Spike Lee has been catching some major flack for the recent trailer for his upcoming film, Chi-Raq. Critics, including Chicago rapper Rhymefest, have accused the accomplished filmmaker of turning the problematic violence in Chicago into a joke with his trailer. Now Lee addresses the backlash he's received and insists that his movie is no joke.

In the clip, the 58-year-old director insists that Chi-Raq is not a comedy.
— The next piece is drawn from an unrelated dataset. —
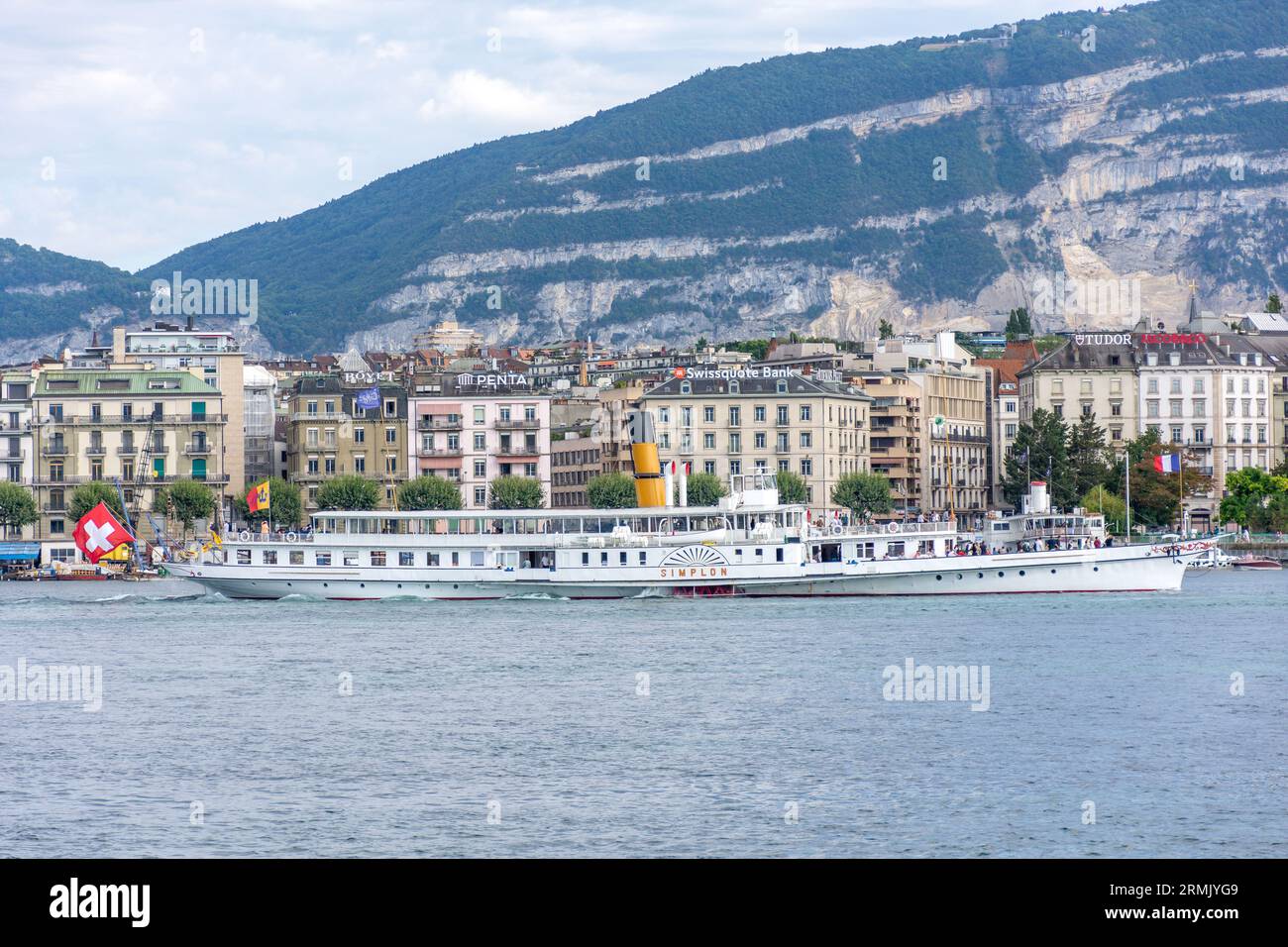 Battello a vapore Simplon Belle Epoque sul lago da Quai du Mont Blanc, Ginevra (Genève), Cantone di Ginevra, Svizzera Foto Stock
Lee says that although his movie is a satire, there’s a difference between humor and comedy.

"In no way shape or form, are we not respectful of the situation that is happening in Chi-Raq,” he stated. “In no way shape or form, are we making light of the lives that have been murdered with this senseless violence.”

“Don’t get it twisted, this film is about serious business,” he continues. “There’s many films that we could look in the history of American cinema that have treated serious subject matter and had humor in them.”
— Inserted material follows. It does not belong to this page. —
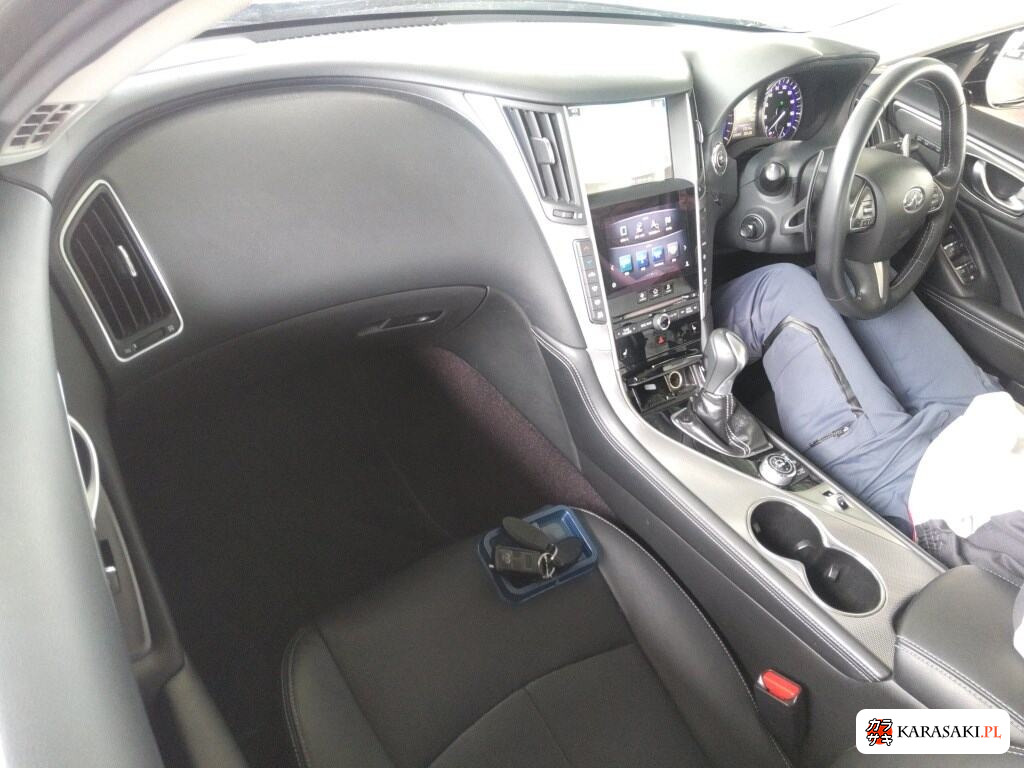 2014 Nissan Skyline 4D 4WD 350GT Four Hybrid Type SP 5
Lee finished his remarks with an old adage, “I gotta laugh to keep from crying.”

“Well, I think that’s apropos with Chi-Raq,” he says. “Don’t get it twisted... don’t get it twisted.”
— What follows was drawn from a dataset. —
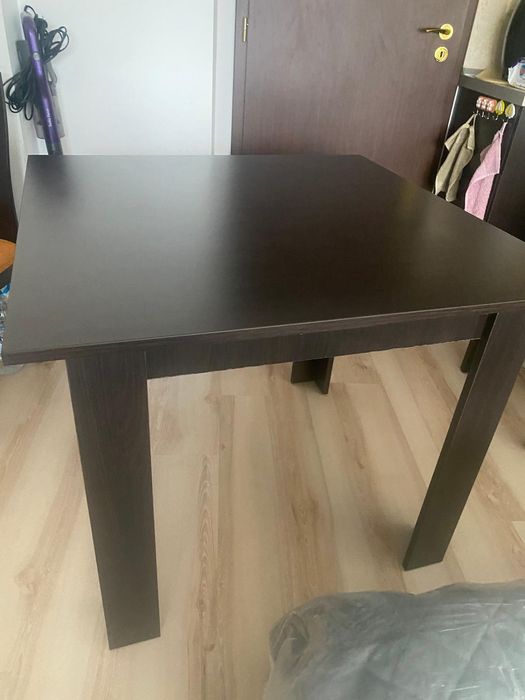 Маса с три стола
Lee’s Chi-Raq is a satirical film with a contemporary twist on the mythological Greek comedic tale of Lysistrata, who gets the women of ancient Greece to withhold sex from their husbands and boyfriends as a way to end the Peloponnesian War. The trailer features a group of women who decide to withhold sex from their gang-affiliated boyfriends in an effort to stop the violence in Chicago.

Spike Lee's Chi-Raq, which stars stars Samuel L. Jackson, Angela Bassett, Nick Cannon and Jennifer Hudson, will open in select theaters Dec. 4.